A instituição da Unidade Real de Valor - URV, com vistas a quebrar a inércia inflacionária e a levar todos os setores a praticar reajustes de preços sob um indexador único, com a mesma periodicidade, de modo a tornar a inflação neutra do ponto de vista distributivo, propiciando o realinhamento dos preços relativos; sua adoção pelos agentes econômicos e a conversão dos salários pelas médias, com os percalços conhecidos, são fases superadas.
A tranquila e bem-sucedida troca da moeda em 1.º de julho deu início à terceira etapa do plano. Tudo indica ser a mais delicada. Ganha em complexidade, devido às consequências de pendências que se acumularam no seu próprio desenrolar. Portanto, há sérios obstáculos à vista.
Na transição para o real ocorreu inesperado processo inflacionário, não captado pelos índices de junho. Já resultou em resíduo expressivo em julho, primeiro mês de vida da nova moeda. Com a aproximação de setembro, data-base de importantes categorias profissionais, organizadas em sindicatos atuantes e combativos, aproxima-se o primeiro teste de resistência a movimentos em favor da reindexação de salários. De outro lado, a atual política cambial já leva os exportadores a falar em real sobrevalorizado, em perda de competitividade de seus produtos, redução de lucros e reflexos negativos na balança comercial. Fala-se, ainda, em elevação de custos, por conta das altas taxas de juros.
Em face da inexistência de orçamento aprovado para o corrente exercício, as finanças públicas estão sendo administradas meio do caixa do Tesouro. Já se sabe que este vem acusando déficits expressivos, não obstante o alardeado aumento da arrecadação, por conta do combate à sonegação e evasão de tributos. Volta-se, assim, à prática da chamada repressão fiscal, que nada mais significa do que o atraso no pagamento a fornecedores, prestadores de serviços, ao adiamento de despesas, tomado como instrumento de ajuste das contas do governo, como bem ilustram a não-liberação de verbas para a área da saúde, a celeuma em torno do reajustamento salarial dos servidores, a paralisação de obras de reconstrução e manutenção da infraestrutura. Adicione a este quadro a pressão política por gastos em ano eleitoral, bem assim a pretensão de abraçar megaprojetos em final de governo, do tipo transposição de águas do Rio São Francisco para o semiárido nordestino.

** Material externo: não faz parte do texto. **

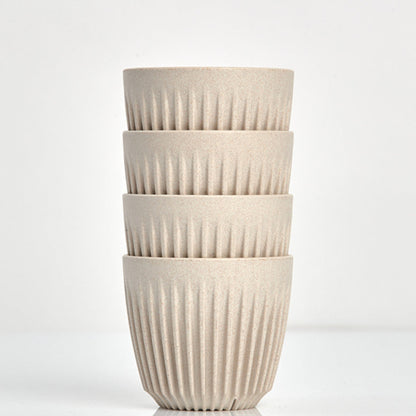 A 6oz HuskeeOriginal reusable coffee cup featuring the signature ribbed design made from coffee husk waste natural 4 pack.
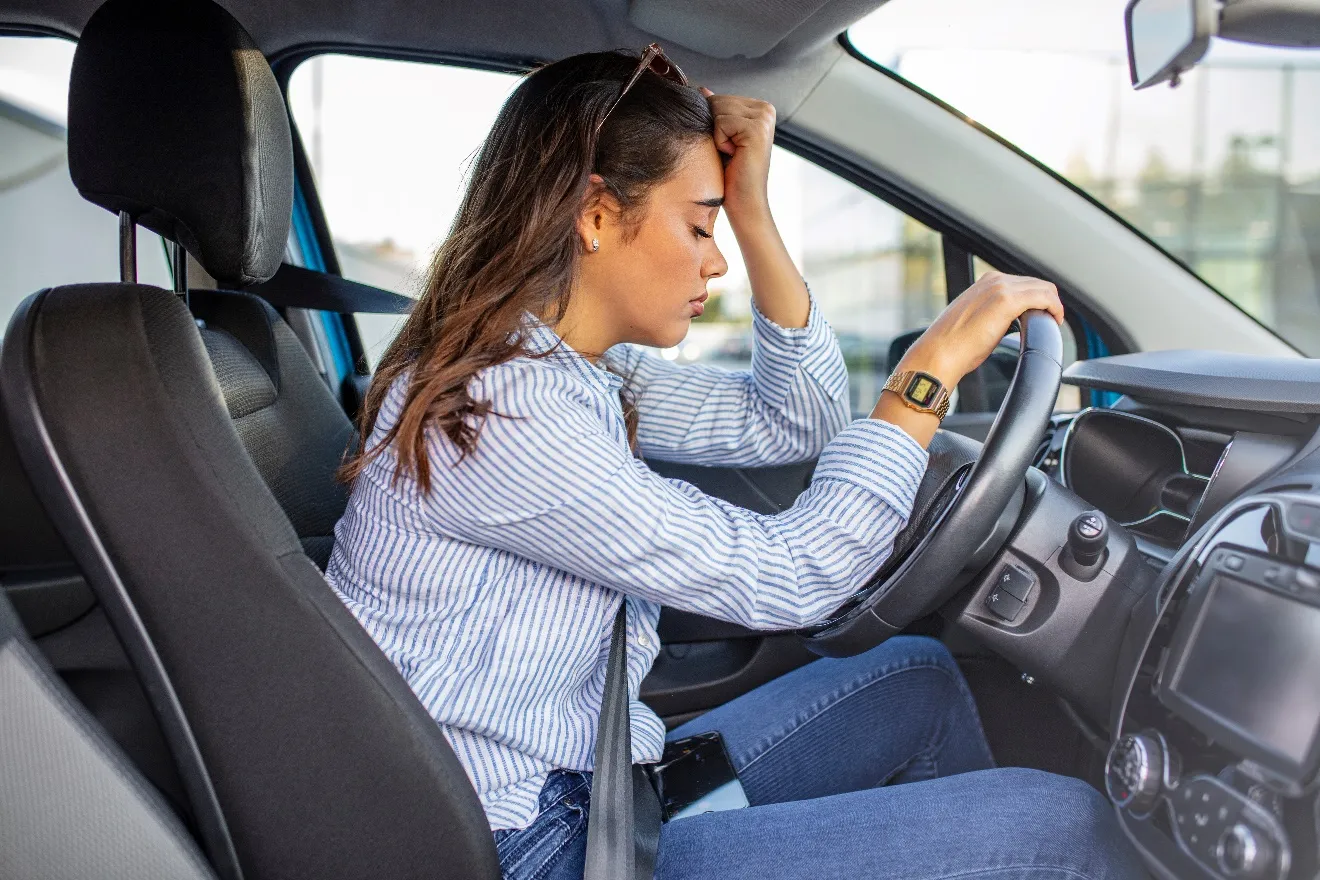 An image containing car, person, chair, car seat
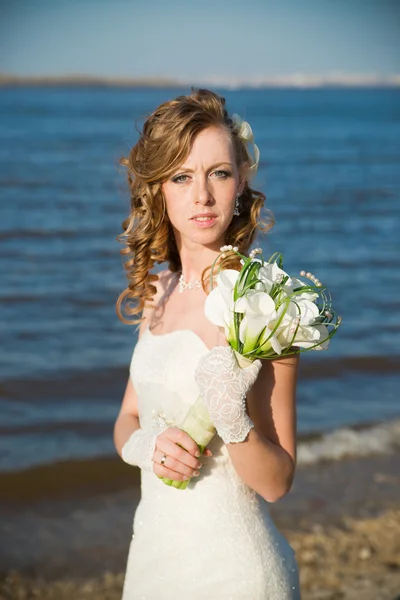 Beautiful bride with a bouquet of calla lilies on coast of river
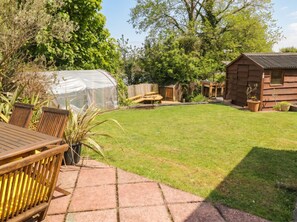 A backyard with a wooden table, chairs, a greenhouse, and a wooden cabin. - 1 Rosemount Garden Villas (Tenby)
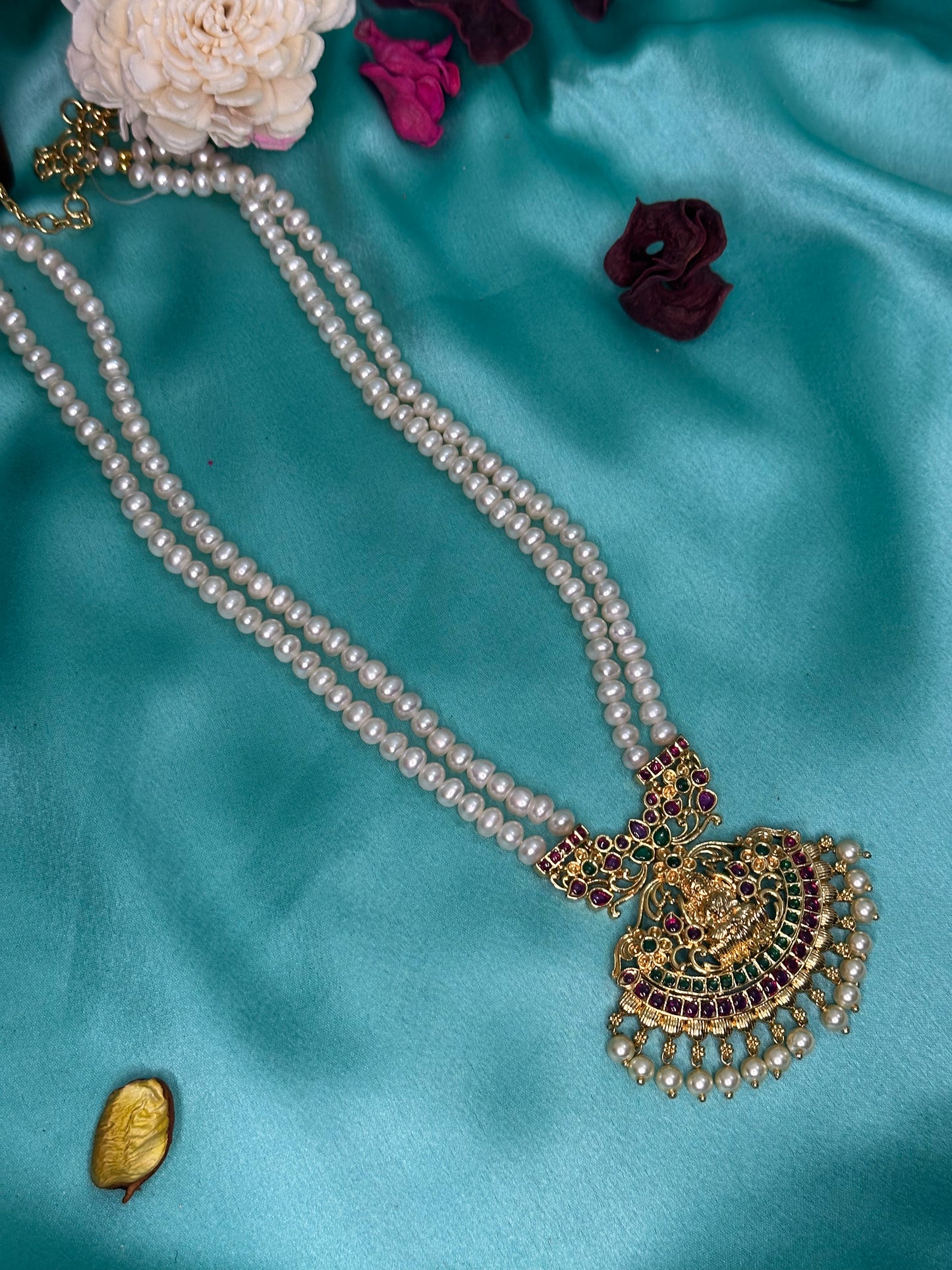 Pearl necklace with a gold pendant on a blue satin background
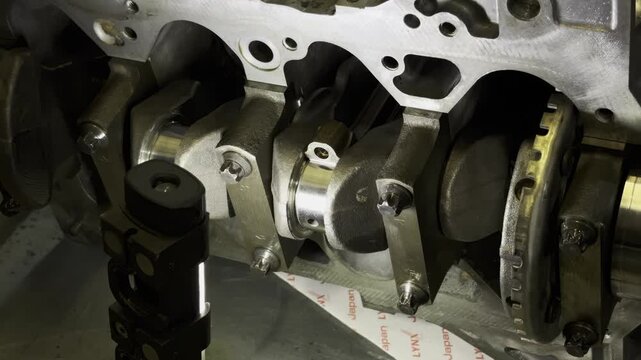 Mechanic in black gloves pointing at crankshaft inside engine block.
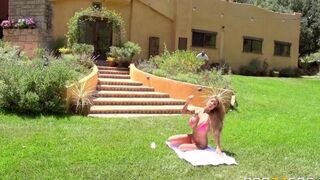 A blonde in a short summer dress has sex on the lawn
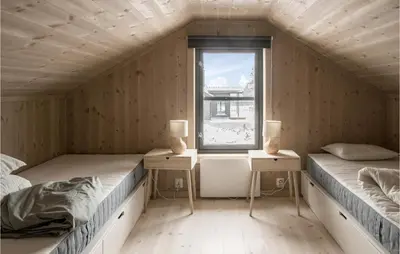a room with two beds and a window at 4 Bedroom Lovely Home In Østby in Østby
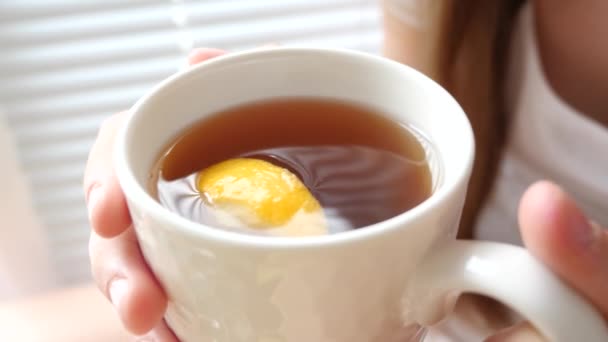 Thé d'or chaud avec tranche de citron est bu par la fille qui est debout par la fenêtre . — Video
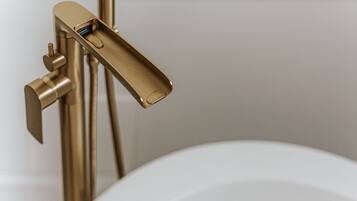 A gold-colored faucet with a lever handle attached to a white sink.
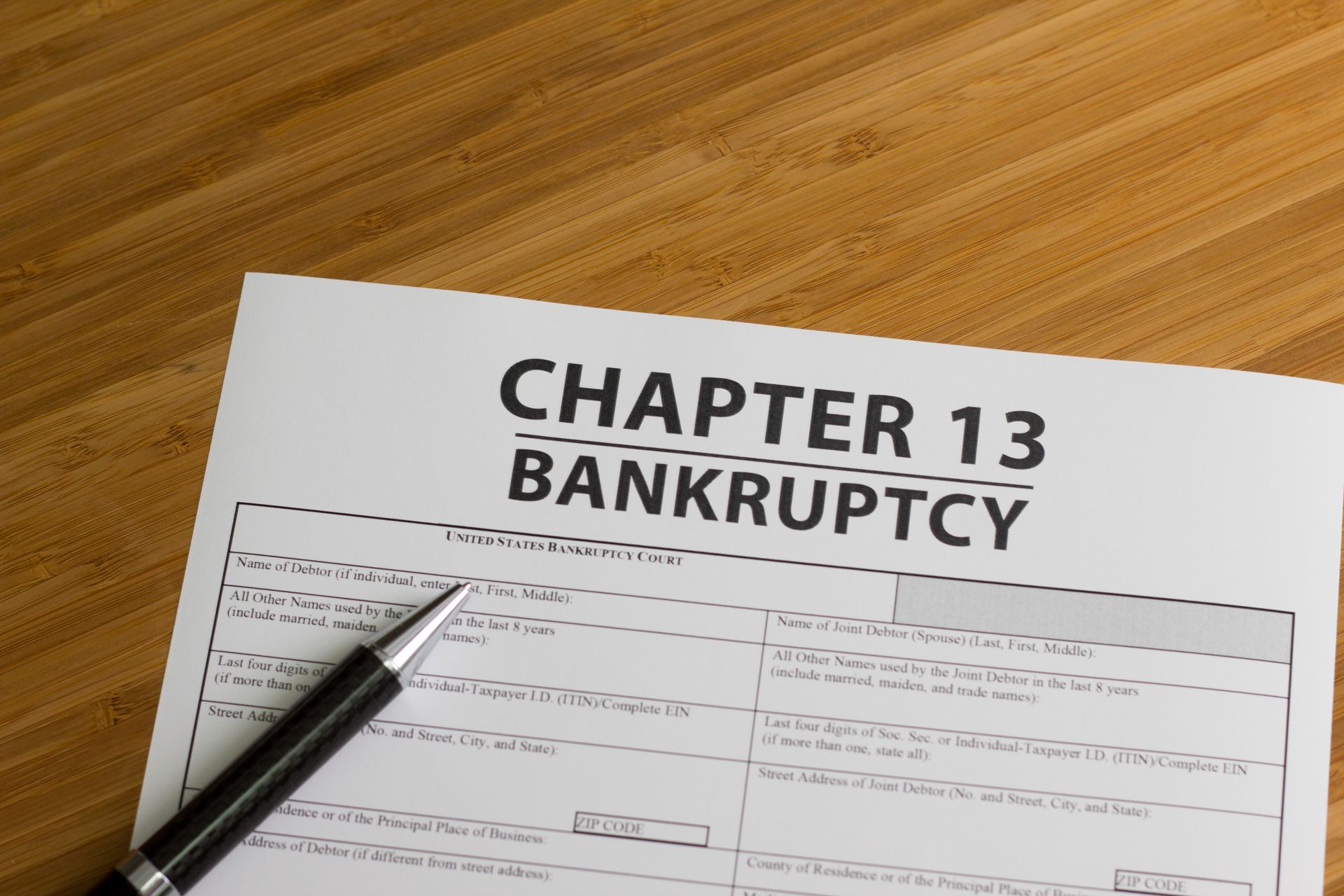 A bankruptcy Chapter 13 document on a bankruptcy lawyer's desk.
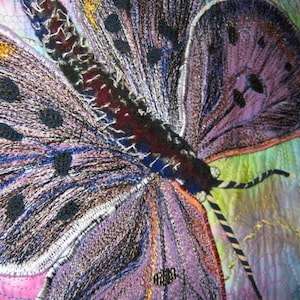 May include: A close-up of a purple and black butterfly embroidered on a fabric background. The butterfly has a detailed design with black and white stitching.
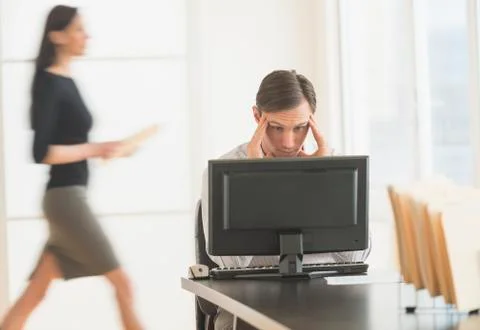 Office worker using computer Stock Photos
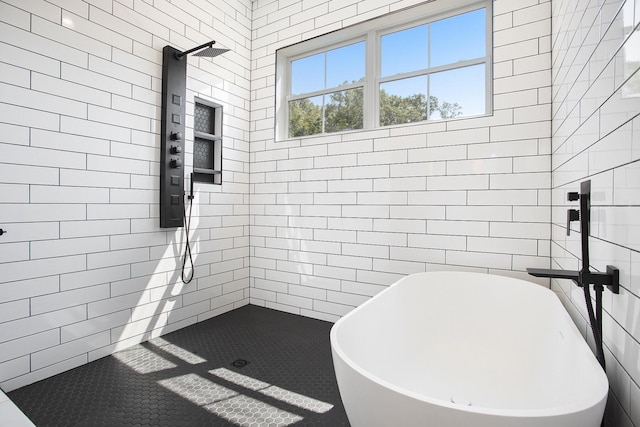 bathroom with tiled shower, a soaking tub, and tile walls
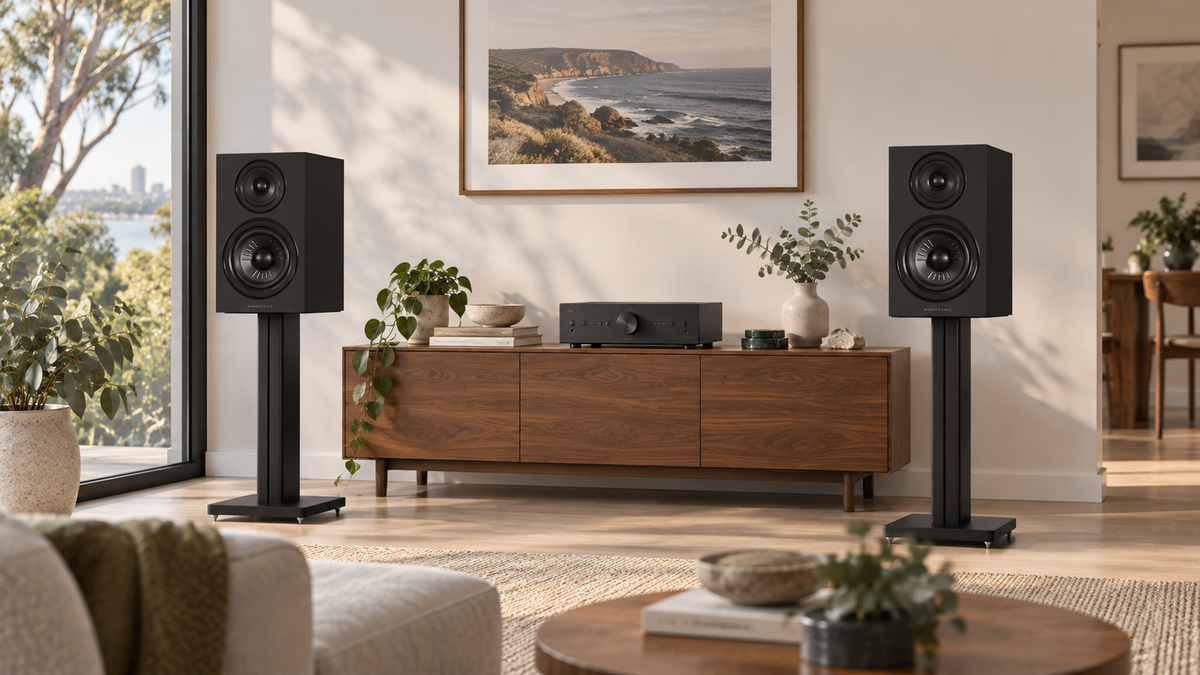Black Wharfedale Diamond 12.2i speakers on stands beside a walnut cabinet and stereo amplifier.
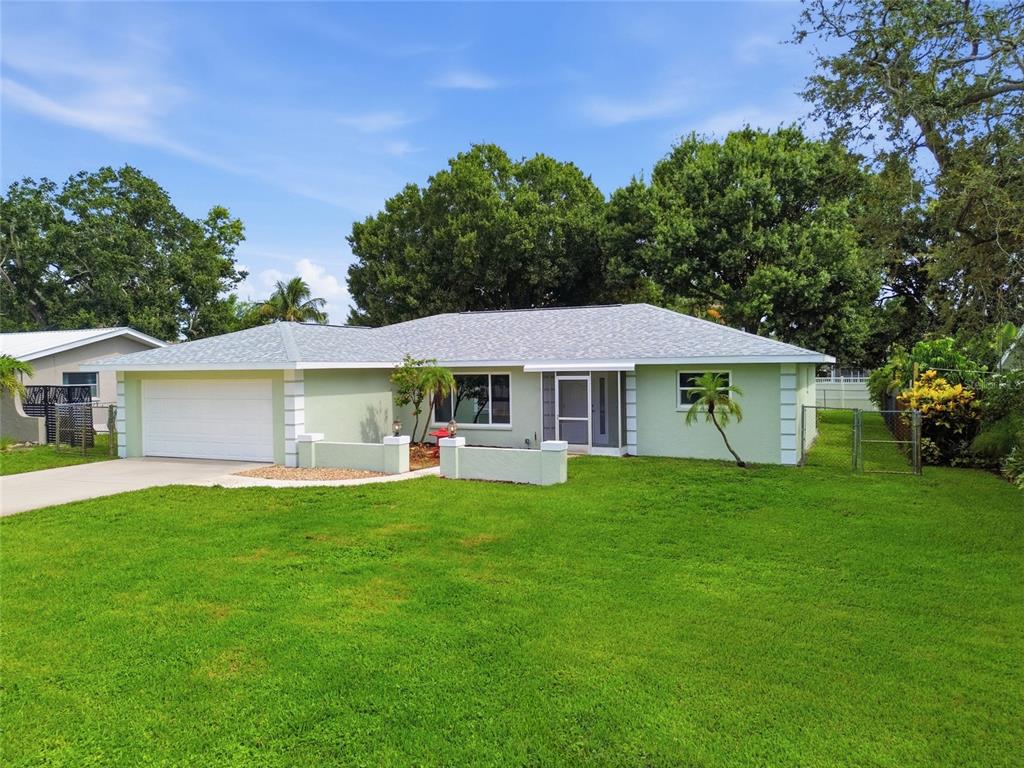 A light green single-story house with a white garage door and a grassy front yard — 5608 4TH AVENUE NW, BRADENTON, FL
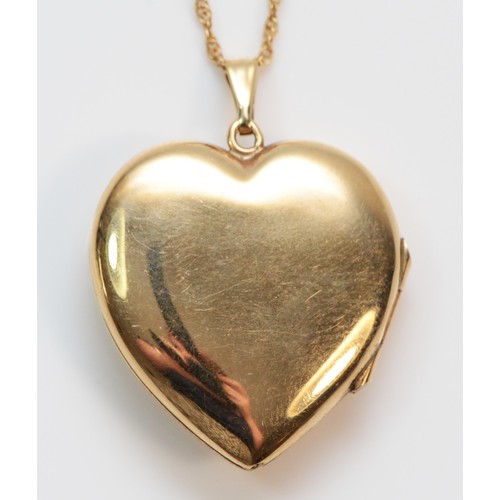 359 - A 9ct gold diamond set heart shaped locket with necklace, 20mm heart, 3.6g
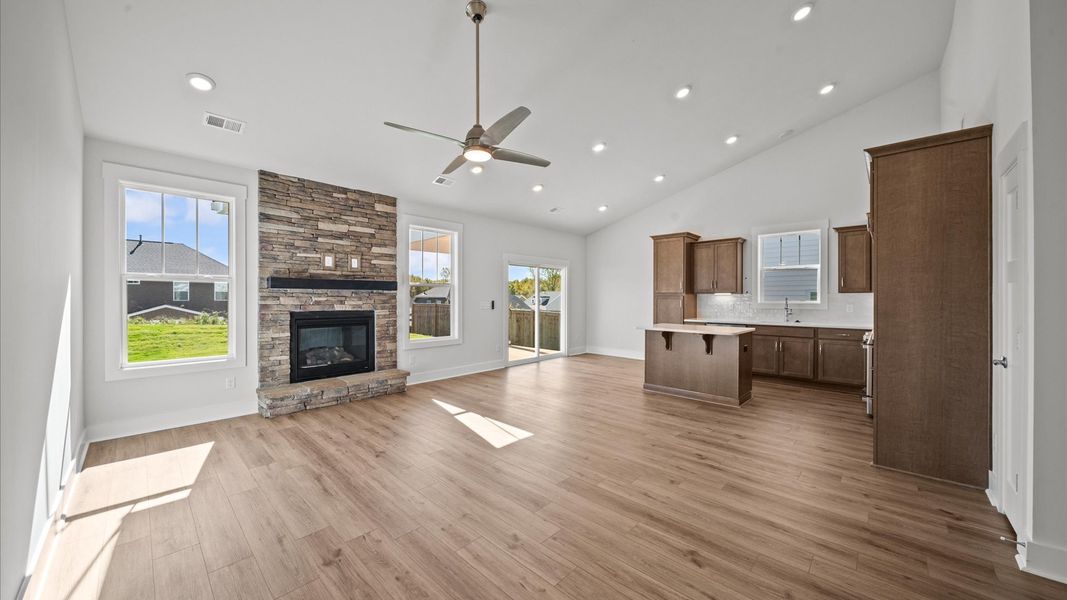 Eye-catching two-story family room with fireplace, elegant trim, oversized windows, and elevated design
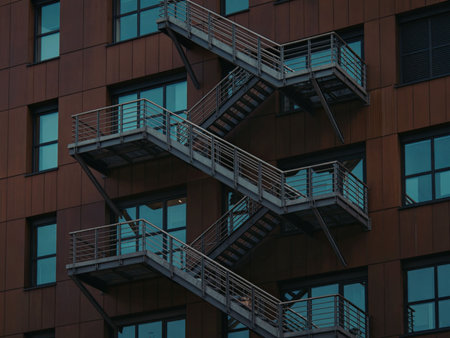 A close-up view of a fire escape staircase on the side of a building with multiple landings and railings.の写真素材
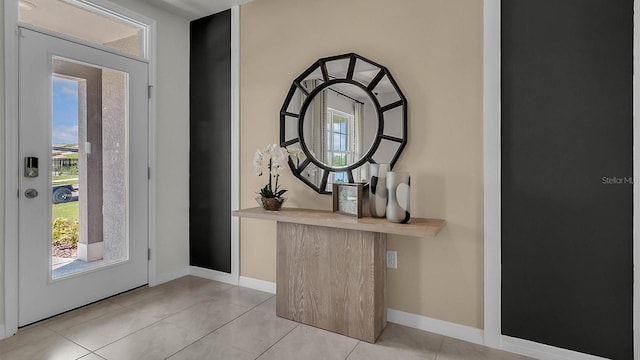 foyer with plenty of natural light and light tile patterned floors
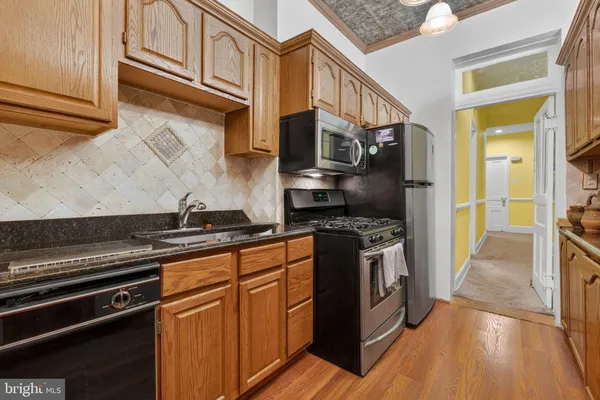 a kitchen with stainless steel appliances granite countertop a stove a sink and a refrigerator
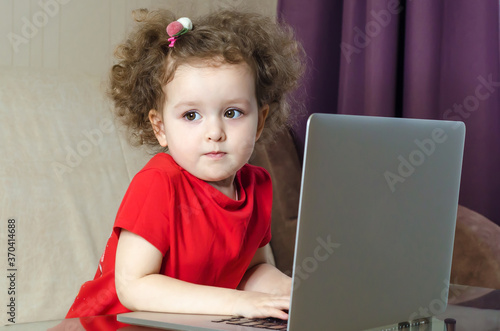 home, leisure, games, online learning, technology and internet concept - little serious girl with laptop at home. Mockup, place for text.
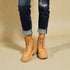 Tan combat boots worn with rolled-up jeans on a beige background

A emoldurar este cenário está a fracassada revisão constitucional, que deixou intactas reformas estruturais do sistema tributário, do Estado e da Previdência e a flexibilização dos monopólios. Resta saber até quando essa situação vai perdurar e torcer para que o plano sobreviva até que tais reformas sejam encaradas já no início do próximo governo. Somente assim se poderá dizer que o plano não passou de uma simples e inócua troca de moeda.
MARCOS CINTRA CAVALCANTI DE ALBUQUERQUE é vereador da cidade de São Paulo pelo PL.